Erdogan, who was visiting the Croatian capital, Zagreb, told reporters that the two teams would discuss proposals for humanitarian relief to the Gaza Strip, including an offer to supply electricity from a ship docked in Israel.

The Turkish president said the two countries are looking at setting up a series of water and electricity supply projects in the Gaza Strip to fulfill Turkey’s terms for reconciliation.

One of Ankara’s key demands has been the removal of Israel’s partial blockade over the coastal enclave.

Israel says it maintains the blockade along with Egypt in order to prevent the Strip’s Hamas rulers, who avowedly seeks to destroy the Jewish state, from importing weaponry for use against Israel.

“We said that we could send a ship to [Israel’s] Ashdod port that can give energy and provide energy from there. They had some hesitations on the ship issue. They suggested to us to build a power plant together with the Germans. I wish that [the issue] would be solved,” Erdogan said, according to the Hurriyet news website.

The accord would come almost six years after a deadly 2010 IDF raid on a Gaza-bound Turkish ship attempting to breach the blockade. Ten Turkish citizens were killed during a melee aboard the vessel between knife- and club-wielding activists and Israeli commandos. The incident led to a nosedive in bilateral relations, which were already tense over Israel’s military policy in Gaza.

Turkey has demanded an immediate apology for the raid, compensation for the victims’ families and the lifting of the blockade on Gaza before normal relations can resume.

Israel only issued an official apology some three years later, mediated by US President Barack Obama. Talks on compensation have reached advanced stages, according to reports, but one of the main hurdles has been the lifting of the blockade.

According to a Haaretz report Thursday, a meeting between Turkish and Israeli negotiators three weeks ago in London was also attended by Prime Minister Benjamin Netanyahu’s envoy Joseph Ciechanover and acting National Security Adviser Yaakov Nagel. The Turkish team was led by Turkish Foreign Ministry Under Secretary Feridun Sinirlioglu.

Earlier this month Energy Minister Yuval Steinitz said most of the issues in a reconciliation agreement with Turkey have been ironed out and expressed hope that a deal would be finalized soon.

Speaking at a cultural event in Holon, Steinitz, who is considered a close ally of Netanyahu, said he did not want to go into the specifics of the emerging agreement but that both sides “have a considerable interest” in reaching terms.

Asked about the question of a seaport for the Gaza Strip, Steinitz said the issue had not been discussed in the talks.

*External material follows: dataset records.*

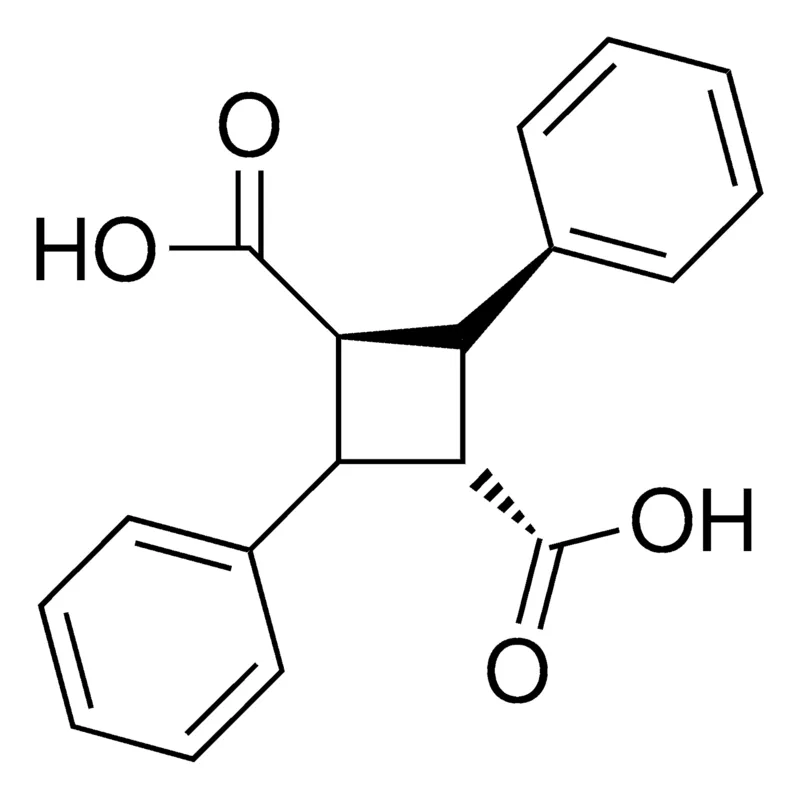 Sigma-Aldrich ALPHA-TRUXILLIC ACID,AldrichCPR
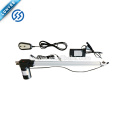 800-6000N Furniture application12v Electric Linear Actuator with limit switch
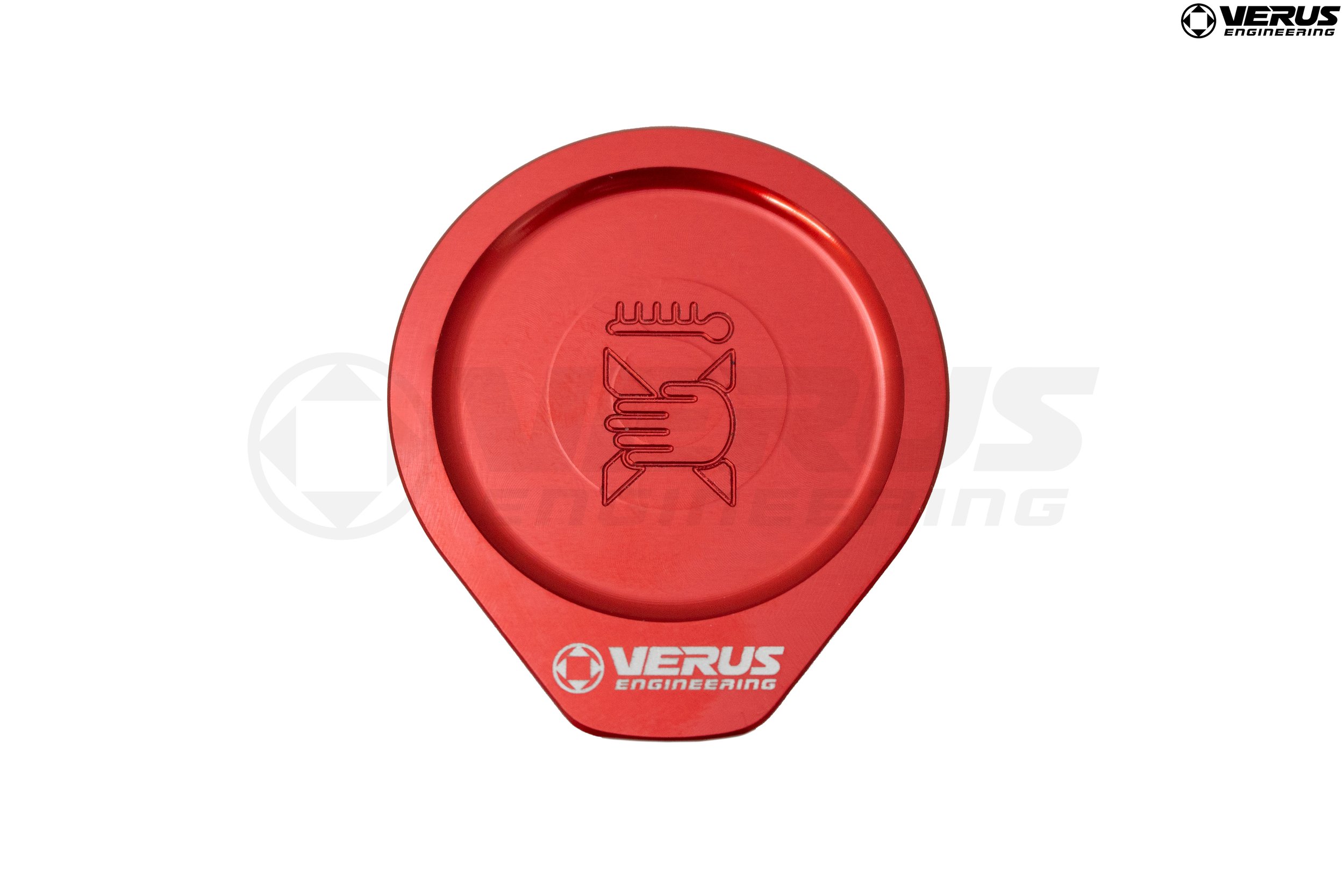 GR86_CoolantCap_Red.jpg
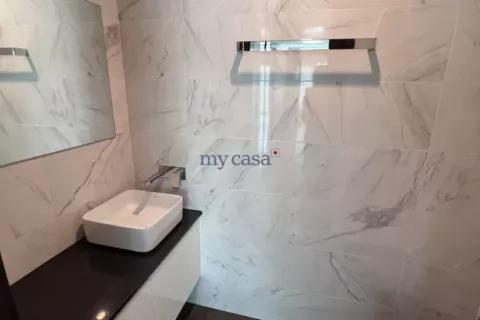 4 bedrooms Apartment in Thu Duc, Ho Chi Minh, No. 12747 17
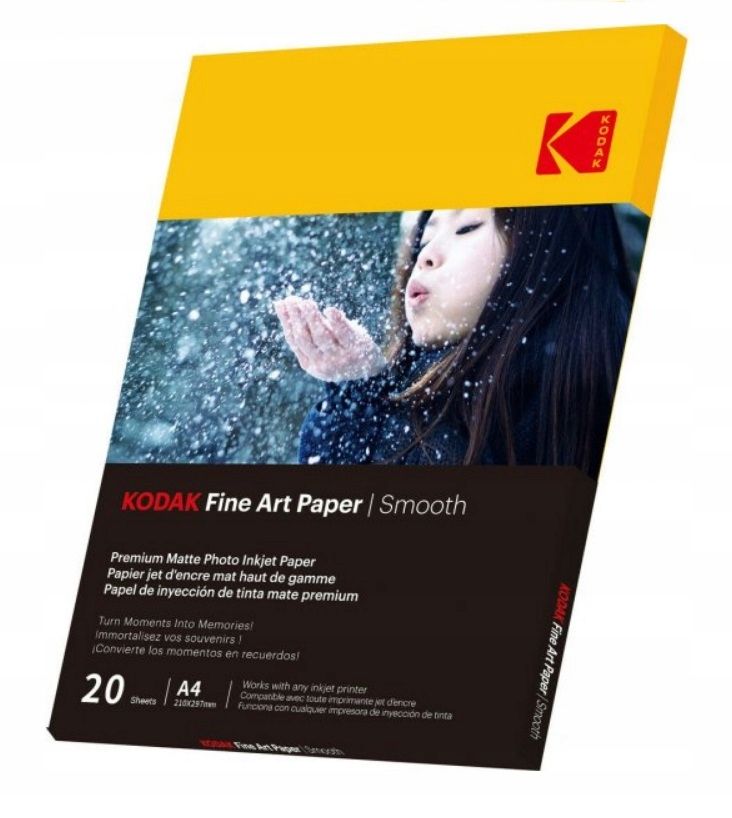 papier-fotograficzny-foto-kodak-premium-fineart-smooth-20-szt-a4-21x30cm-cat-9891-092_o7644_4.jpg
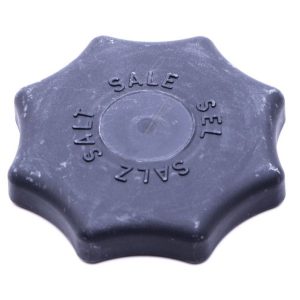 41052479 Tappo contenitore sale Candy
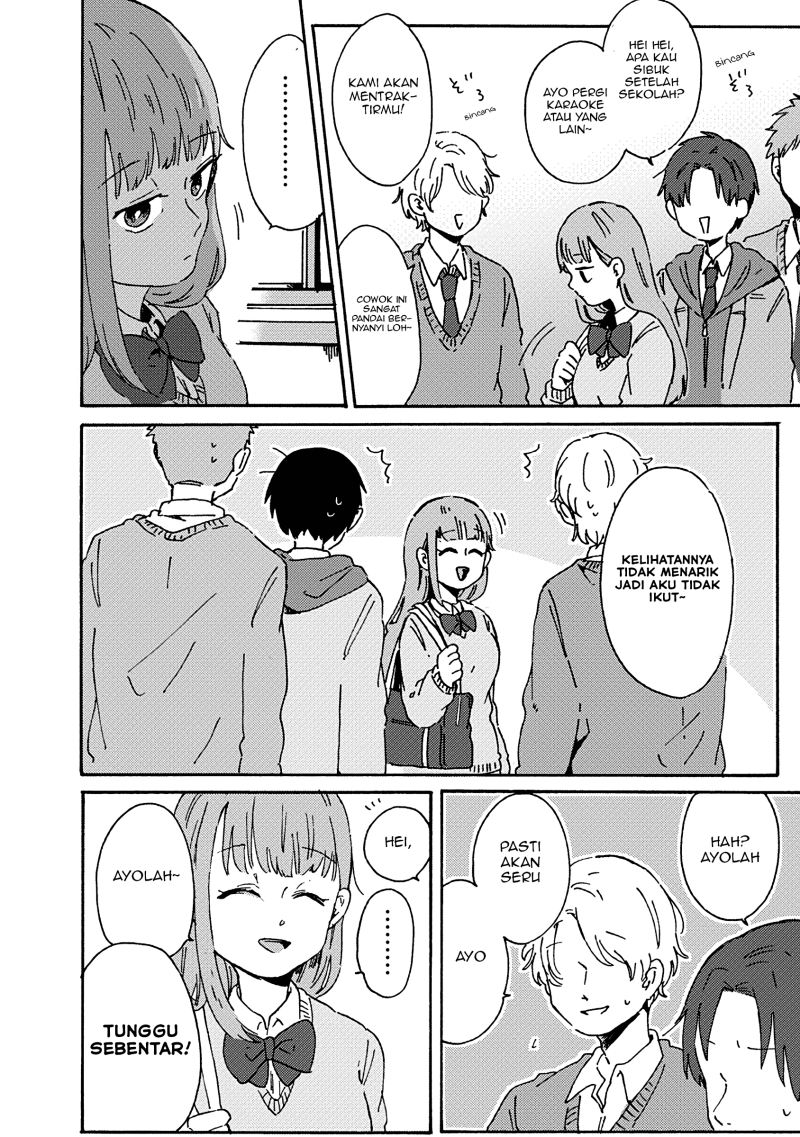 Chapter 7.1 - halaman 28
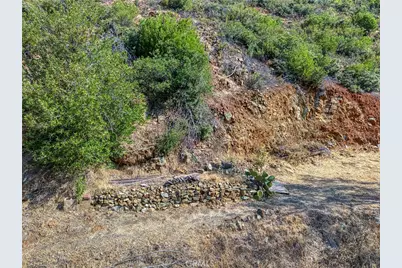 1 Lot 1 Butts Canyon Road, Pope Valley, CA 94567 - Photo 41
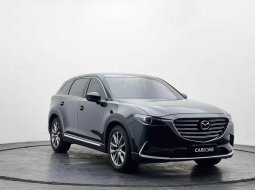 Promo Mazda CX-9 murah 1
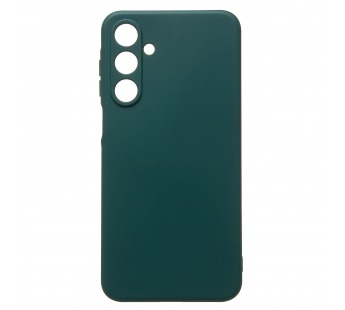 Чехол-накладка Activ Full Original Design для "Samsung Galaxy A16 5G" (dark green) (237569)#2067341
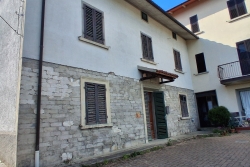 VE33 (2) (12478)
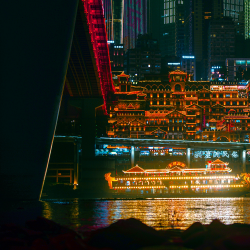 Wasted (Drunk and High) - 134BPM - A# Minor (Dry Stems)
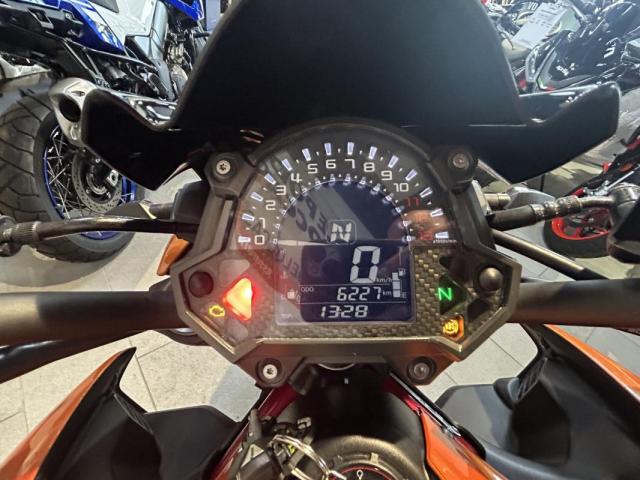 Z 900 A2 Z900 image 2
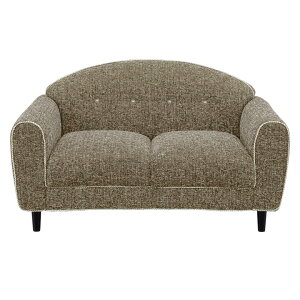 ySi|Cg10{!z \t@  k 2l|\t@[ \t@[ 2l| I| RpNg l| 2P It 2l|\t@ Vv 2lp t@ubN lp _[NO[ x[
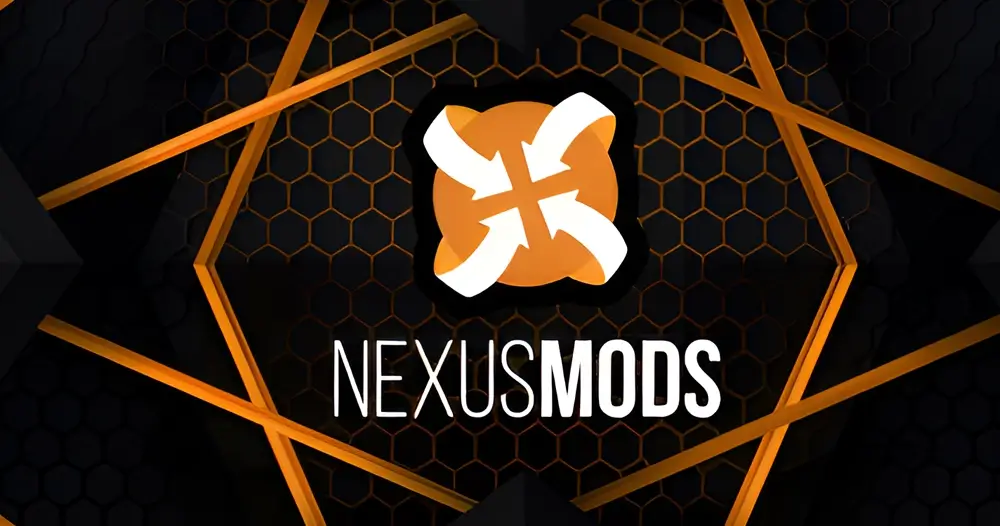 Nexus Mods sprzedane po 24 latach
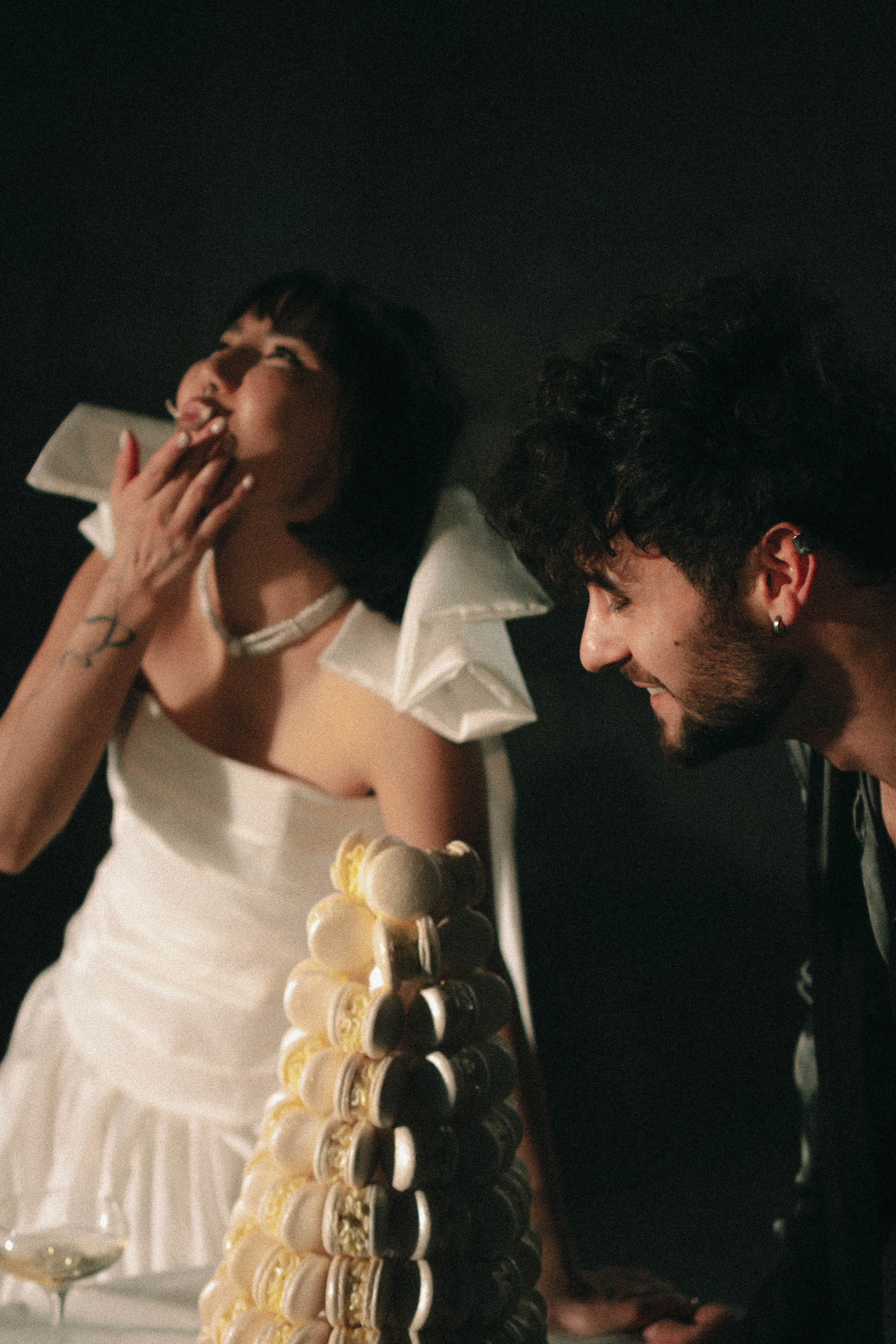 СВАБЕДНАЯ ФОТСЕССИИЯ В ОДНОМ ИЗ ЗАЛОВ НИКОЛАЕВСКОГО ДВОРЦА. Профессиональный фотограф, Санкт-Петербург — Виктория Богомолова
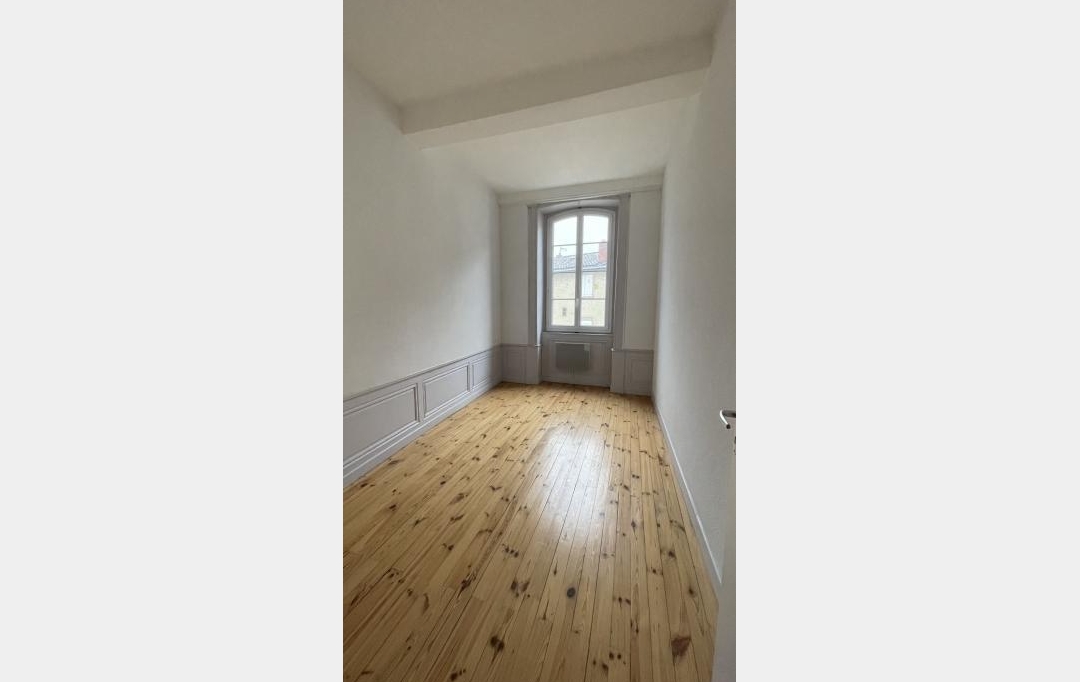Agence Concept Perfect Immo : Appartement | THIERS (63300) | 64 m2 | 415 &euro; 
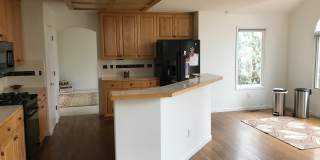 Beautiful 2 story custom home in Stoneridge Gallery 11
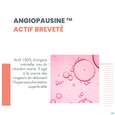 Sie sehen eine Packung Avene Antirougeurs Rosamed Konzentrat 30ml, Produktbild: 20 Avene Antirougeurs Rosamed Konzentrat 30ml, A-Nr.: 5862025 - 20
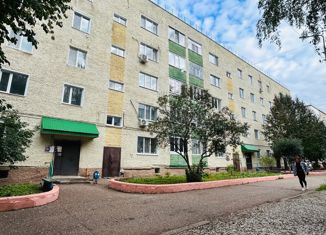 Продажа 1-комнатной квартиры, 33 м2, Бирск, Пролетарская улица, 134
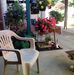 Verna Emerson - Facebook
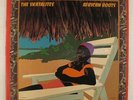 Skatalites - African Roots LP - United Artists - Dub Reggae VG+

Steinitz’s comments came two days after a senior adviser to Erdogan said that Israel had agreed to the opening of a naval route between Turkish Cyprus and Gaza.

The adviser, Arshad Hormuz, also told a Hamas-run media outlet in Gaza that Israel had agreed to fully lift the blockade on Gaza as part of the agreement between Jerusalem and Ankara.

There was no confirmation of the report from Israel.

Talks have also reportedly gotten hung up over Israeli demands for a commitment from Turkey to end tacit support for Hamas.

After several years of chilly ties and acrimonious accusations from both sides, officials met in December in secret talks to seek a rapprochement, with another round of high-level talks taking place in February in Geneva.

A bombing last month in Istanbul that killed three Israelis also led to cooperation between the countries and high-level contacts between leaders in Ankara and Jerusalem for the first time in years.